Mommyhood

IMG_8687

This morning Deborah The Closet Monster (great blogger, check her out) referred me to an article she wrote as a guest on Dr. Greene entitled “Mommy vs. Mother”.

It, along with other posts I have seen over the past few months, got me thinking about how we react to the words mother vs. mom vs. mommy and what influences those very visceral feelings.

Growing up, my mother did not hug or kiss or say she loved me very often. When she ever DID say anything it was more, “I do love you…” as if she were trying to convince herself of this fact. She was not abusive per se, but because of her I have to make a concerted effort every day to physically love on my kids. I have to remember to tell them how much I love them. The words don’t come easy even though I feel the love.

The physician role is easy. I am in control because I have distance. As a parent, however, those kids have my heart wrapped up into such a knot that it hurts (in a good way) every time I look at them.
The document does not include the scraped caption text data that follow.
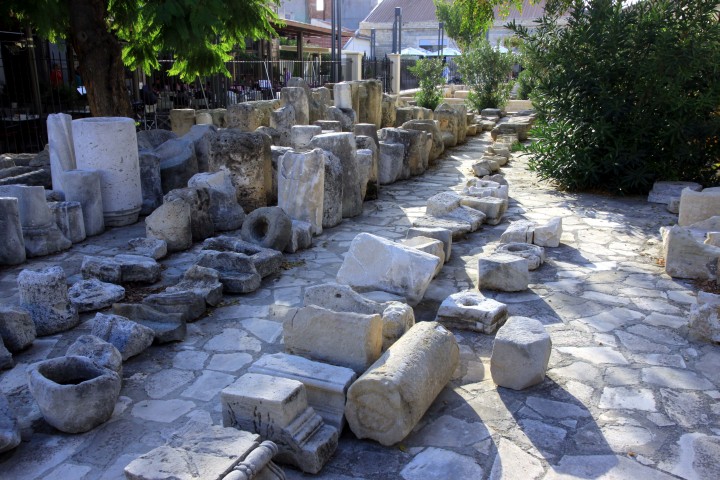 und &uuml;berall alte Steine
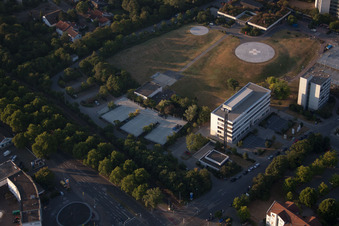 Enregistrement par drone de Quartier Oggersheim in Ludwigshafen am Rhein dans le département Rhénanie-Palatinat, Allemagne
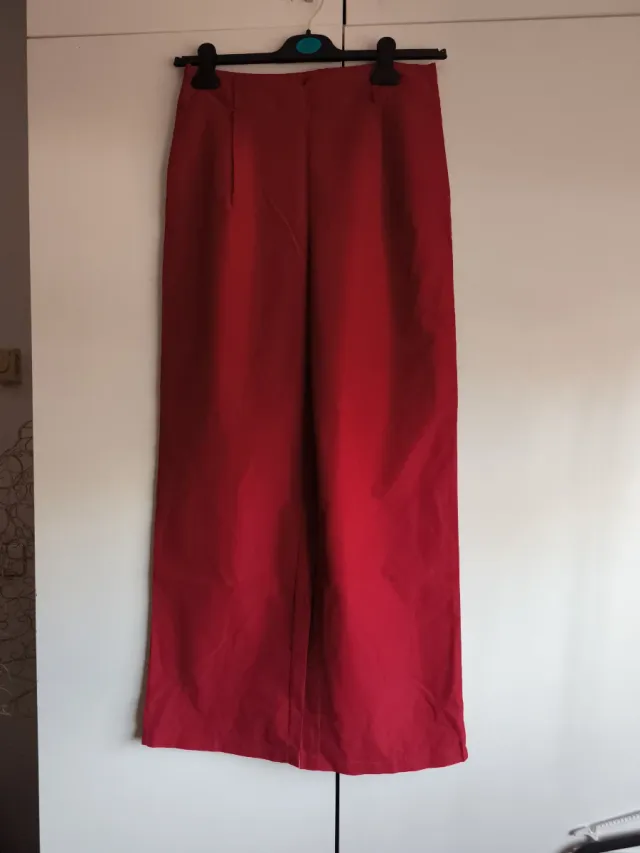 Pantalones rectos rojos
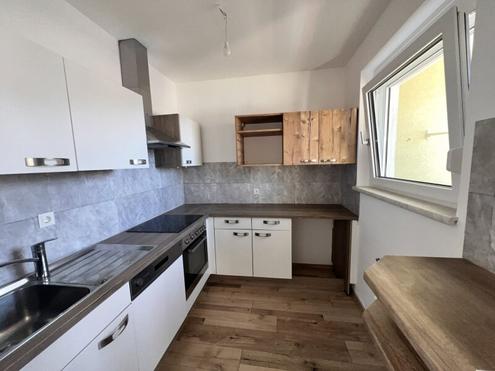 ++sonnige, saubere ETW mit Loggia und Garage++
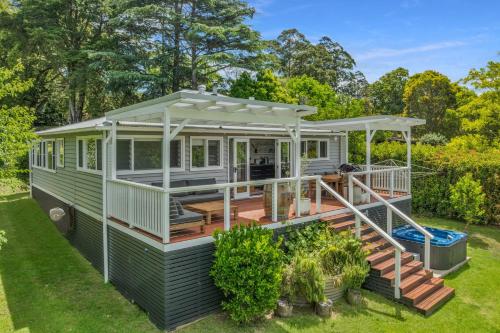 a mobile home with a deck and a pergola at The Sleepy Roo, Kangaroo Valley in Kangaroo Valley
I desperately want them to not feel as uncomfortable as I do about getting close to someone emotionally. So I work very hard to be a good role model for them.

As such, I don’t feel close to my mother. We have a complicated relationship and so to maintain a certain emotional distance, I only refer to her as “Mother.” I never call her mom, mamma, mommy…. only mother.

When I use the word “mommy” for someone, it is a complement of the highest degree. Anyone can be born into motherhood, but it takes a special someone to be a mommy, someone who can do more than just rear…. they nurture.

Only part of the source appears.